── Attaching core tidyverse packages ──────────────────────── tidyverse 2.0.0 ──
✔ dplyr 1.1.2 ✔ readr 2.1.4
✔ forcats 1.0.0 ✔ stringr 1.5.0
✔ ggplot2 3.5.0.9000 ✔ tibble 3.2.1
✔ lubridate 1.9.2 ✔ tidyr 1.3.0
✔ purrr 1.0.1
── Conflicts ────────────────────────────────────────── tidyverse_conflicts() ──
✖ dplyr::filter() masks stats::filter()
✖ dplyr::lag() masks stats::lag()
ℹ Use the conflicted package (<http://conflicted.r-lib.org/>) to force all conflicts to become errors
2: Working with data
Adding functionality
Your R installation comes pre-packed with lots of functionality. Just by opening R you are able to perform computations, create graphics (you’ll see this later on), use functions, and much more.
However, sometimes you may wish to use additional functionality that does not come directly with the installed software. R is a free and open-source programming language with a vast user network. This has led in turn to a myriad of user-contributed additional functionality, each bundled in different packages (also called libraries).
These packages are stored in the Comprehensive R Archive Network (CRAN) and can be installed.
You only need to install a package once, to bring it from the web to your local computer.
Then, to actually use the package in every R session, you simply need to load the package (and not install it every single time).
You install a package by going to the Files & Plots panel, click “Packages” in the tabs, then select Install, type the package names and click Install.
Remember, you only need to do this once.
As we said, package are pre-shipped with your R installation. Examples are the base, stats, and graphics packages. Each of those can be considered as a “folder” providing different functionality. You will see the use of those functions later on in the course.
Actually, when you install R it comes with many more packages. Some are automatically loaded when you open R, making their functionality immediately available to you, while others are left in the background unopened. In the picture below, the loaded packages are shown in orange, and the ones not loaded are in gray.
For each new R session, in order to use the functionality from packages that are not automatically loaded, or that you have installed later, you must load the package with the function library(package_name)
at the top of the R script.
Prelude
In today’s lesson you will need the tidyverse
package. We will use this package to read data files into R. Try loading it:
library(tidyverse)
Did you get an error?
If yes, you don’t have the package installed. Install the package following the instructions above. Then try again running library(tidyverse)
.
If you don’t get an error, amazing! It should look like this:
Important.
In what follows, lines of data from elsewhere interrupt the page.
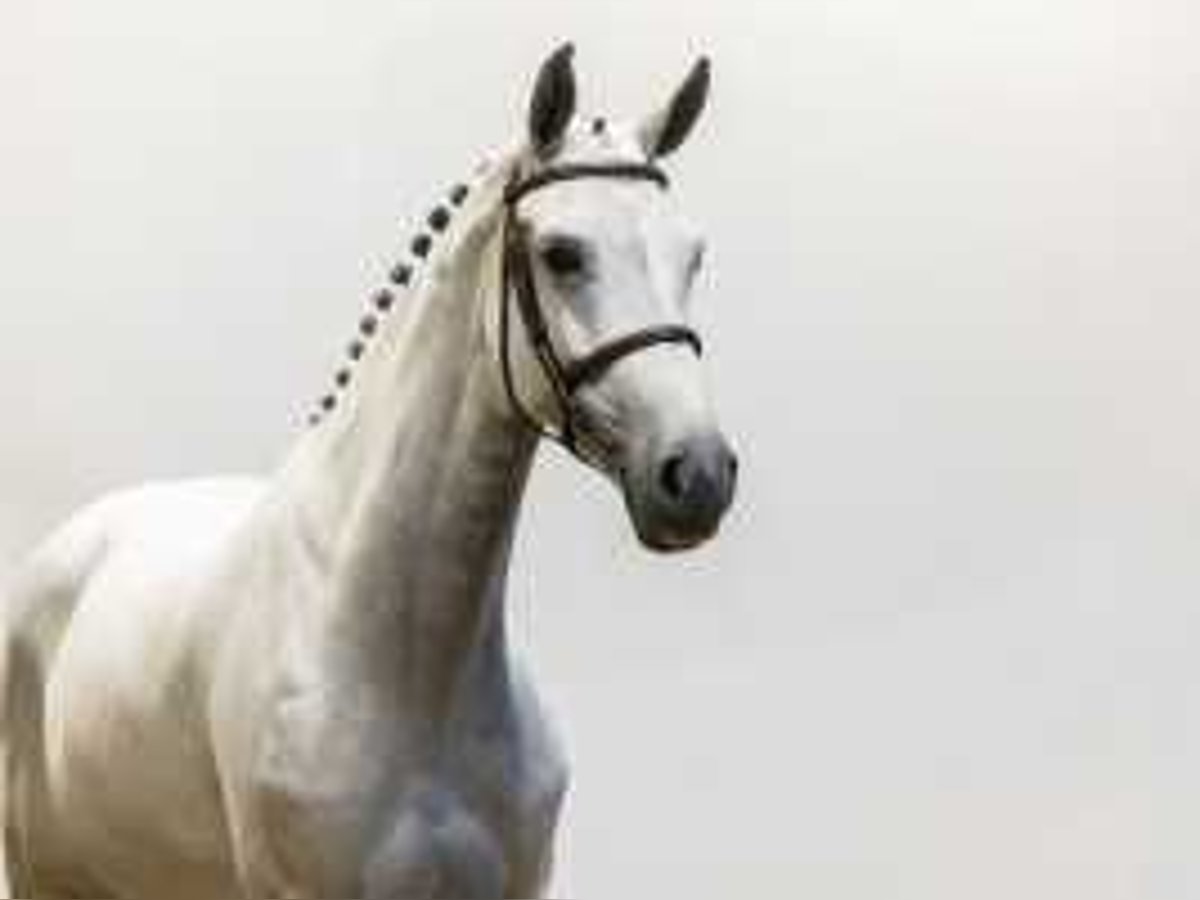 KWPN Giumenta 7 Anni 167 cm Grigio in Waddinxveen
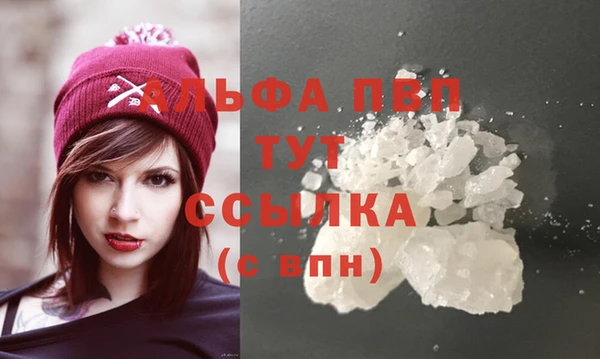 PSILOCYBIN Богородск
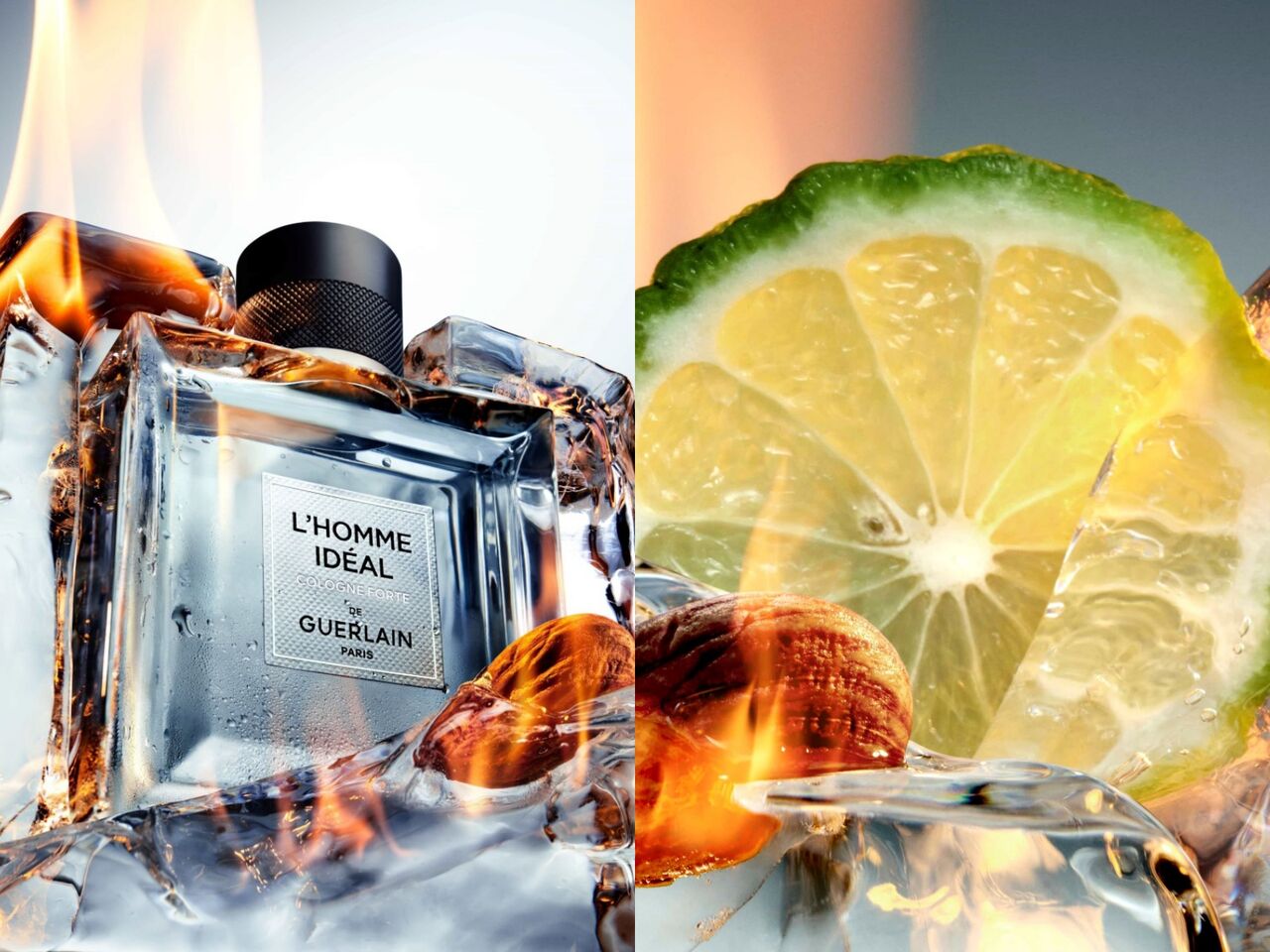 嬌蘭,Acqua di Parma,SHARECO,香水,香氛,招財。（圖／品牌提供）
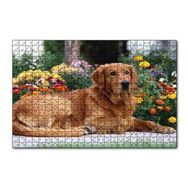 Cakapuzzle Kahverengi Golden Rertriever ve Çiçekler 255 Parça Puzzle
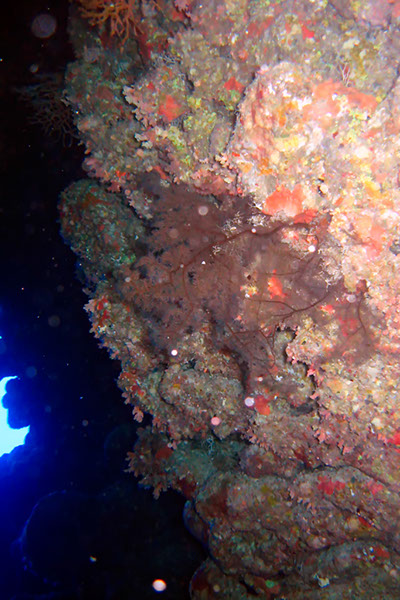 %_tempFileNameIMG_7083%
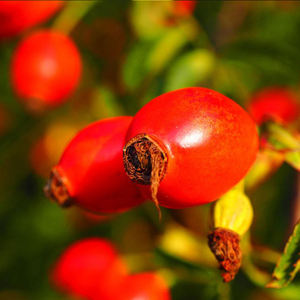 Huile de base de <span class=keywords><strong>Rose</strong></span> musquée à base d'extrait de <span class=keywords><strong>Rose</strong></span> musquée 100% naturelle pure, prix de gros - Product Image 2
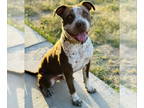 American Pit Bull Terrier-Pointer Mix DOG FOR ADOPTION RGADN-1349809 - whiskey -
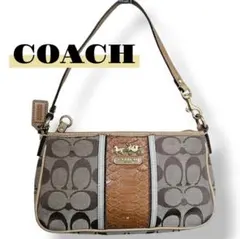 COACH☆アクセサリー ポーチ シグネチャー キャンバス パイソン Y-02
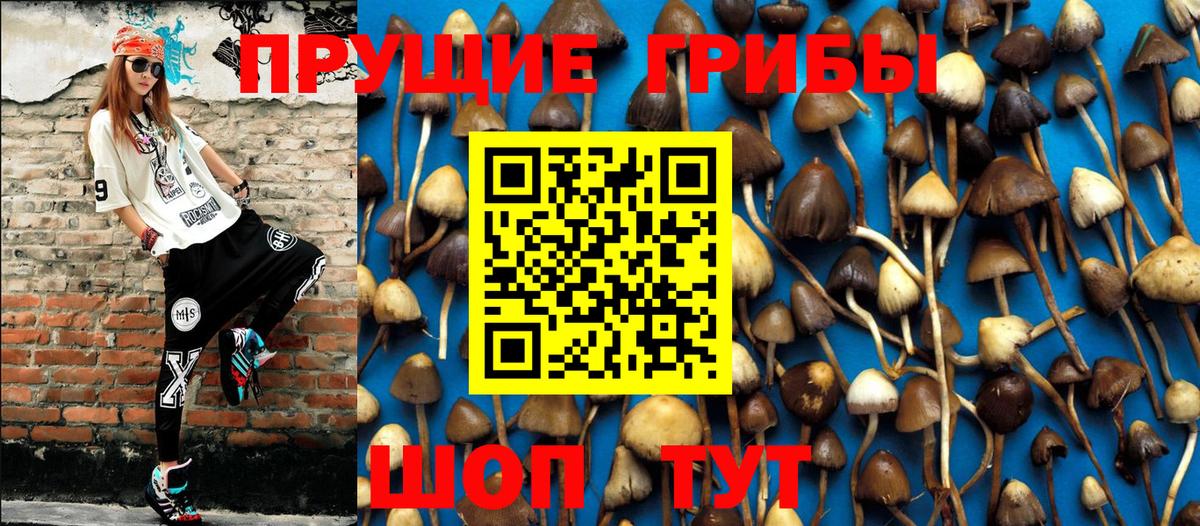 Галлюциногенные грибы Psilocybe Переславль-Залесский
It is common practice to put all code loading packages at the top of the R script.
There are some messages returned, but none of those are errors. In fact, in R errors start with the word “Error”. If you don’t read the word “Error” in the message, it’s not an error.
Open RStudio, create a new R script called lesson2.R and save it into your r-bootcamp folder.
In the previous examples we only entered data manually. However, this isn’t very efficient if you are working with lots of data and it increases the chance of typing errors. This lesson will show you how to read into R data stored in files.
Before going ahead, please download the following data files and save them into the subfolder “data” of r-bootcamp
Data files
A data file is any file storing data. The following types of data files are commonly used:
- .csv (Comma Separated Values)
- .tsv or .txt (Tab Separated Values)
- .xlsx (Excel data file)
How does each look?
Directories
Before importing the data into R we need to tell R in which folder we are working. This is because R will look for the data files in that folder only. If the files are stored somewhere else, R will not find them.
This step is called setting the working directory. You can set the working directory, i.e. tell R in which folder you are working, by going to the RStudio menu -> Session -> Set working directory -> Choose directory -> Navigate to r-bootcamp
Alternatively, you can go to the Files and Plots panel, click the Files tab, navigate to the r-bootcamp folder, click More -> Set as working directory.
Within the r-bootcamp folder, you should have a subfolder “data” with the data files saved inside.
Reading data into R
To read a CSV file into R we use the following function:
unpop <- read_csv('data/UNpop.csv')
Rows: 8 Columns: 2
── Column specification ────────────────────────────────────────────────────────
Delimiter: ","
dbl (2): year, world_pop
ℹ Use `spec()` to retrieve the full column specification for this data.
ℹ Specify the column types or set `show_col_types = FALSE` to quiet this message.
unpop
# A tibble: 8 × 2
year world_pop
<dbl> <dbl>
1 1950 2536431
2 1960 3034950
3 1970 3700437
4 1980 4458003
5 1990 5327231
6 2000 6143494
7 2010 6956824
8 2020 7794799
To read a file in which the values are separated by tabs, we use the read_tsv()
function:
unpop_txt <- read_tsv('data/UNpop.txt')
Rows: 8 Columns: 2
── Column specification ────────────────────────────────────────────────────────
Delimiter: "\t"
dbl (2): year, world_pop
ℹ Use `spec()` to retrieve the full column specification for this data.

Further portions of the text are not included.